• [What you will do]: Print the listing exactly as it stands. Skip every picture.

• [Dataset section]:

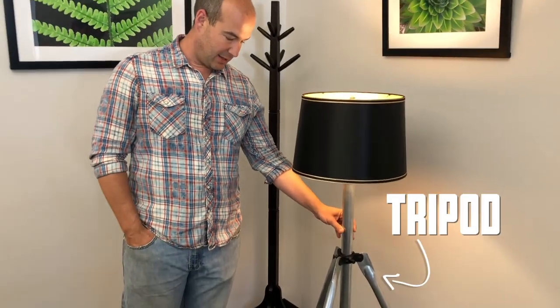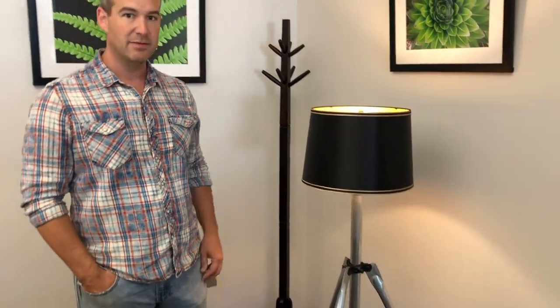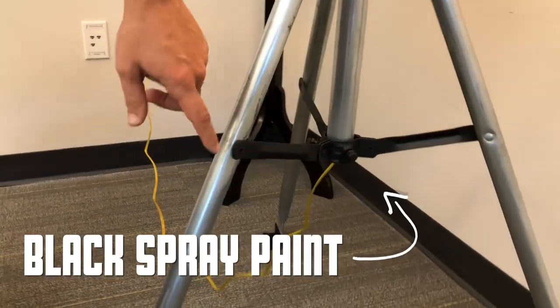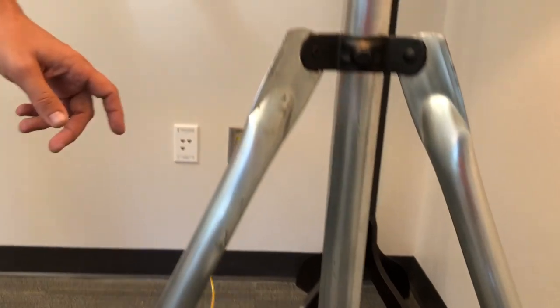Habitat for Humanity is doing an upcycling auction, so you get some things from their store. We bought this for eight dollars and it was kind of in rough shape, so we lightly sanded down the metal, then spray painted it all black, and then we wired up a new light shade.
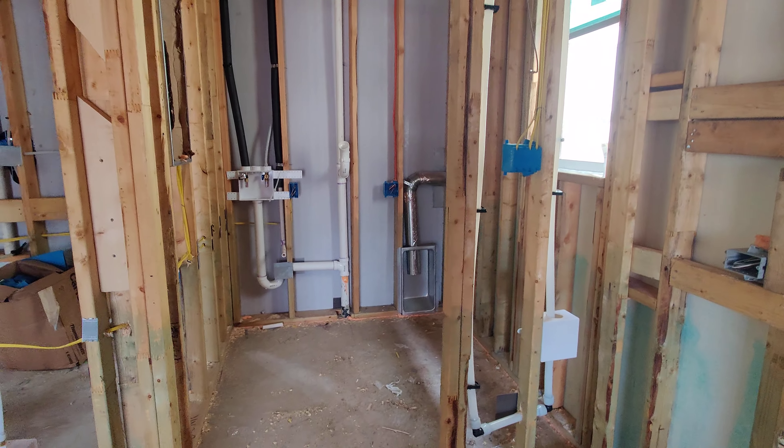You can see the patio floor here and your future view. There will be a solid glass door or full glass door. You can see the vents for the attic. You can see the AC return lines. Heading into the master bedroom — bathroom here.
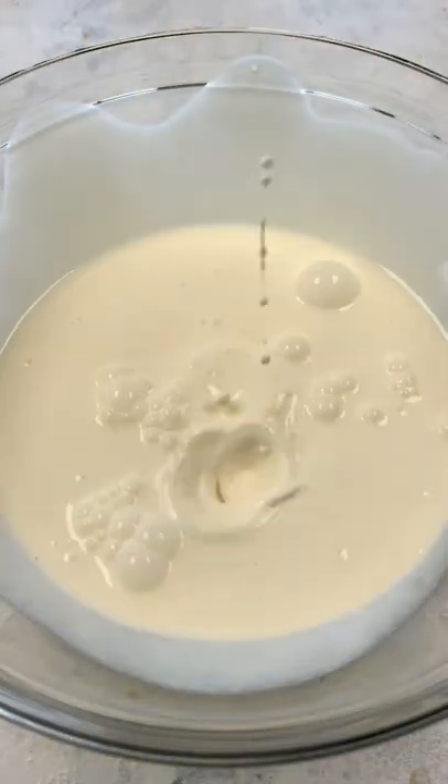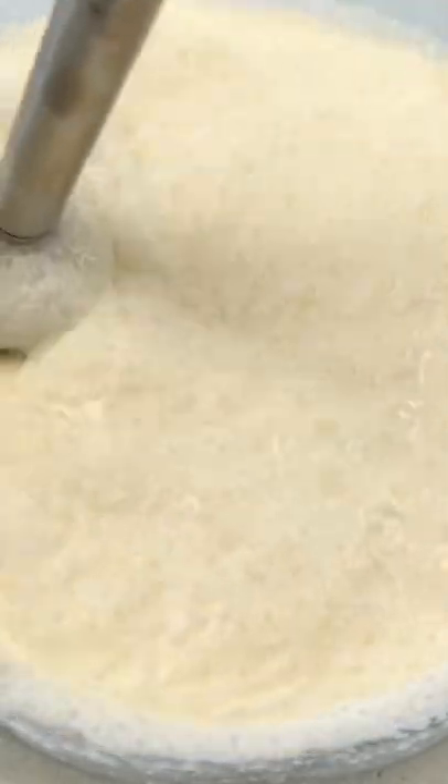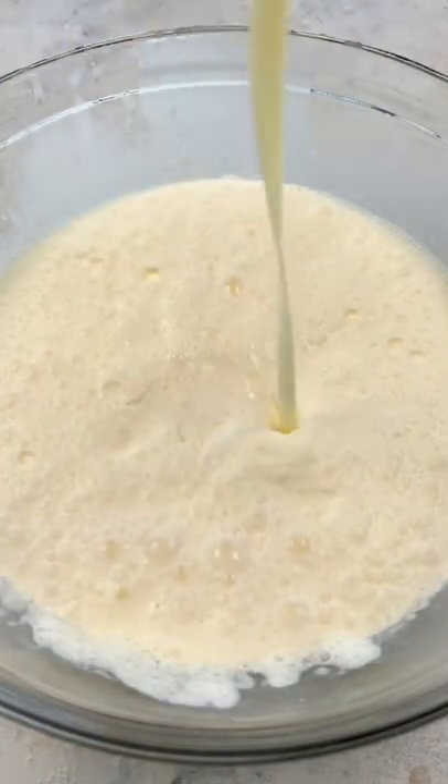To make five ingredient Fruit Loops ice cream, add heavy cream to a bowl and mix it for about a minute with an immersion blender or electric mixer. Then add milk, vanilla extract, and sweetened condensed milk to the bowl.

• [Response]:
Habitat for Humanity is doing an upcycling auction, so you get some things from their store. We bought this for eight dollars and it was kind of in rough shape, so we lightly sanded down the metal, then spray painted it all black, and then we wired up a new light shade.
You can see the patio floor here and your future view. There will be a solid glass door or full glass door. You can see the vents for the attic. You can see the AC return lines. Heading into the master bedroom — bathroom here.
To make five ingredient Fruit Loops ice cream, add heavy cream to a bowl and mix it for about a minute with an immersion blender or electric mixer. Then add milk, vanilla extract, and sweetened condensed milk to the bowl.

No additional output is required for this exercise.